Mike Terrell, GTE project manager for the call center, said the structure, scheduled for completion in March, tilted the balance in Coeur d’Alene’s favor.

“There was a site in Liberty Lake and one in Reno, Nev., but Coeur d’Alene beat out those two,” Terrell said. “That building was what pushed us over the edge.”

GTE will use what it calls a National Open Markets Center to process orders from competitors selling local phone service. Under the Telecommunications Act of 1996, competing telephone companies have access to both GTE customers and its network of phone lines and switching equipment.

Employees at the center will be given four months of training to handle what is expected to be a landslide of orders coming in through facsimile machines and e-mail.
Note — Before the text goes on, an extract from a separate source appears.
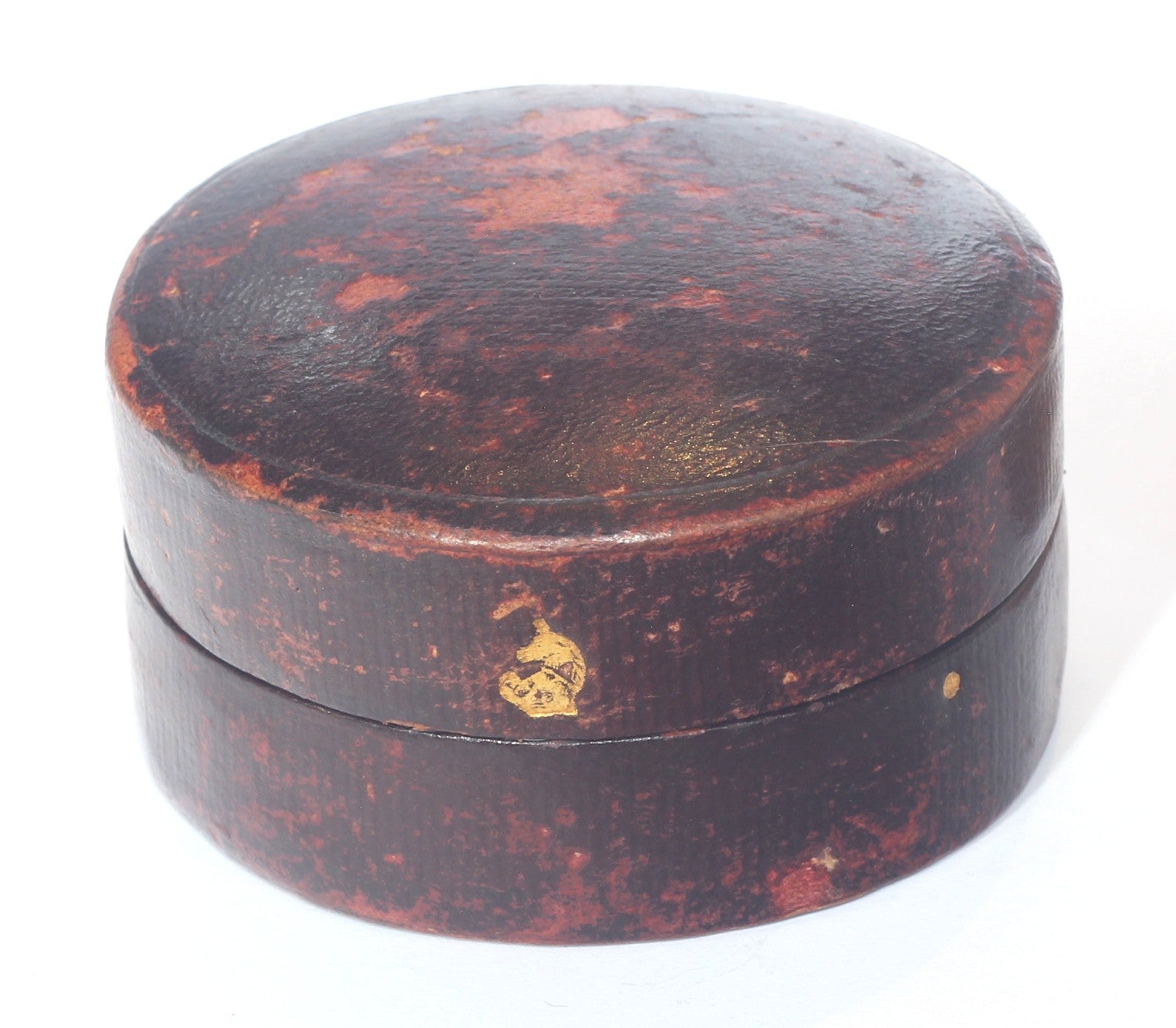 Antique Telescopic or Collapsible Cup in Leather Case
“We have agreements with 200 local carriers, and we’re negotiating with another 400,” said Terrell.

Most of the jobs at the center will be in data entry, but Bob Potter, president of Jobs Plus, said several will be management positions.

“These are career-track jobs,” Potter said. “We’ve been working with GTE for the past three years for centers just like this one.”

The first two centers went to Durham, N.C., and Fort Wayne, Ind. Each center is designed to handle calls from anywhere in the United States.

To finalize the GTE move into the Cd’A Tech Center, Stephen Meyer of Parkwood Business Properties first had to convince AC Data Systems to give up an existing lease on 16,000 square feet in the new building.

“It was a remarkable situation and they were wonderful corporate citizens,” Meyer said, adding that AC Data Systems realized “the greater community good” that would come from the order center. “We’re going to provide an interim space for them and build a new building.”

GTE has signed a five-year lease on the building, with an option for another five years.

Jobs at the new center will generate an annual payroll of $2 million, said Bob Wayt, public affairs manager for GTE.

The company was able to downsize and centralize its Northwest operations through the 1980s using technology.

“Now, because of the Telecommunications Act of 1996, technology is creating new job opportunities by the establishment of these centers,” Wayt said.

There currently are 145 GTE employees in the Coeur d’Alene area. Dave Moore, a GTE line splicer and local President of the Communications Workers of America, said the prospect of up to 400 new GTE jobs will help offset the losses racked up over the past 15 years.

“Starting in 1983, there were 400-plus jobs that left the Panhandle,” Moore said. “The local has been very vocal with GTE about getting some jobs back into the region.

“I have steps in place to inform people who had been released that this opportunity exists.”

GTE plans to take applications starting in March, Tarola said.